Se Viani e Rocco potevano essere l’emblema di una classe operaia destinata ad andare in paradiso, a cavallo tra gli anni Cinquanta e Sessanta si fa strada – oltre a Helenio Herrera – anche un Cattedratico prestato alla panchina.
Da calciatore, Fulvio Bernardini ha giocato praticamente in tutti i ruoli, partendo portiere e chiudendo in difesa dopo essere stato attaccante e centrocampista, sempre con ottimi risultati.
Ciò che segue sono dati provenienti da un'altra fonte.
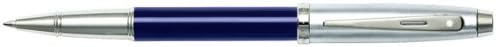 Sheaffer 100 azul translúcido con tapa de cromo cepillado con borde chapado en níquel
La sua duttilità tattica era figlia di un’intelligenza spiccata che seppe sempre coltivare, tanto da decidere di trasferirsi all’Inter dalla Lazio per poter frequentare Scienze Economiche alla Bocconi. Insomma, un cervello prestato al calcio, che già da calciatore evidenzia qualità da… allenatore.
Lo scopritore di Meazza
È lui, infatti, durante la militanza interista, a suggerire al suo tecnico, Arpad Weisz, di aggregare alla prima squadra un pischello sedicenne che ha visto giocare nelle giovanili, Giuseppe Meazza…
Da calciatore (Lazio, Inter, Roma e MATER, squadretta dopolavoristica della Capitale), nonostante la grande classe («Lei gioca troppo bene per la mia Nazionale: dovrei chiederle di giocare peggio, se la chiamassi» pare si giustificò Vittorio Pozzo, Ct due volte Campione del Mondo, per la mancata convocazione ai Mondiali 1934…), vince poco o niente, mentre da allenatore si toglie almeno due grandi soddisfazioni.
La prima, nel 1957, portando la Fiorentina alla conquista del suo primo scudetto; la seconda, nel 1964, regalando al Bologna quello che è ancora oggi il suo ultimo scudetto.
È anche Ct azzurro raccogliendo, all’inizio degli anni Settanta, il testimone da Ferruccio Valcareggi, ma pure in questo caso i risultati sono inferiori alle attese, avendo l’unico merito di lanciare in orbita Enzo Bearzot, suo “vice”, che sfrutterà il suo lavoro di selezione per costruire la squadra quarta in Argentina nel ‘78 e Campione in Spagna nell’82.
Mai un regalino…
Che tipo è, Bernardini? Da allenatore, uno studioso assiduo, un tattico accorto che però non rinuncia mai al bel gioco, un amante dei “piedi buoni” ripensando ai suoi che erano stati ottimi (parola di Pozzo).
Sul piano umano, una persona meravigliosa, elegante, simpatico, difficilmente sopra le righe, lontanissimo dai cliché che erano di moda all’epoca.
Dice mia madre che era un po’ tirchio (veniva un paio di volte alla settimana a mangiare a casa nostra, a Bologna (mio padre in quel tempo era direttore sportivo rossoblù) e dopo cena mi sfidava a riconoscere le figurine dei calciatori coprendo il cognome stampato, «ma non ha mai portato un regalino per te e tuo fratello o una bottiglia di vino», chiosa mia madre…); di sicuro, taccagno o generoso non cambia, una Persona di categoria superiore.